In response to lawsuits falsely claiming pro-Palestinian supporters to be racist or anti-Semitic, Palestine Legal– an organization that works to protect the rights of people who are discriminated against for speaking up on the issue of Palestine- was established in 2012. Most recently, the legal group is battling with a case in which students in the New York University (NYU) chapter of SJP have been charged with accounts of anti-Semitism for distributing mock-demolition papers in dorms as a method to draw attention to Israel’s illegal demolition of Palestinian homes. The claim of anti-Semitism came from the president of NYU’s pro-Israel advocacy group, TorchPac, saying the fliers were distributed in dorms with a “high concentration” of Jewish students. However, these claims of anti-Semitism are spurious, and resulted in the rejection of the case. In a case at the City University of New York, claims by the Zionist Organization of America that the SJP chapter engaged in anti-Semitic acts were found to be unsubstantiated. The final verdict of the report was that expressing and calling for BDS, “should not be tarred as anti-Semitic,” and that banners with depictions of a kaffiyeh, or Palestinian scarf, are protected speech.” Pro-Palestinian movements regularly face these accusations of anti-Semitism, which then hinders their effort to promote justice not only for the Palestinians being oppressed but for all people that face scrutiny, including Jews.

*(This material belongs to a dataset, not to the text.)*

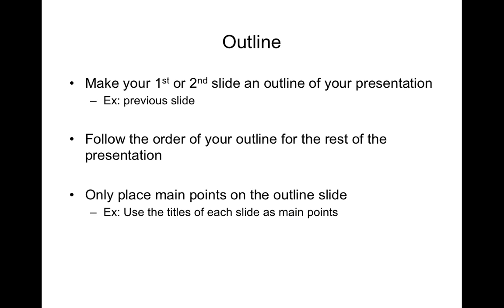Only place the main points on the outline slide. Don't try and crowd it with lots of different points of everything that you're going to discuss. These are not necessary because you can discuss these pieces of extra information as you go through the presentation.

This unilateral support for justice by pro-Palestinian organizations can further be exemplified by the acts of Muslim Palestinian-American activist, Linda Sarsour, who raised $130,000 to rebuild demolished Jewish graves in the wake of Trump’s election. Sarsour, a long-time activist, has worked on initiatives such as encouraging New York schools to recognize Muslim holidays. She is the executive director of the Arab American Association of New York and, most recently, was one of the co-chairs of the Women’s March on Washington. To raise the funds, Sarsour partnered with her colleague Tarek El-Messidi, founding director of Fast-a-thon. This act of solidarity is just one example that shows the breadth of the pro-Palestinian movement and its commitment to fighting injustice in all forms.
In the opening speech given at the 2016 Creative Time Summit, Palestinian member of the Israeli Knesset, Haneen Zoabi, said that, “We struggle against colonialism and injustice not only for our own liberation, but also to liberate the Israeli Jews from their own colonialism, in order to create a state of all its citizens, as we will accept them as equal citizens, without privileges.” The pro-Palestinian movement is exactly that; a struggle against injustice and colonialism. As the famous civil rights activist Dr. Martin Luther King said, “injustice anywhere is a threat to justice everywhere.” Students who exercise their freedom of speech to protest Israeli violence against the Palestinians is a call for justice and not a performance of anti-Semitism.
The views in this brief are those of the authors and do not necessarily reflect those of The Jerusalem Fund.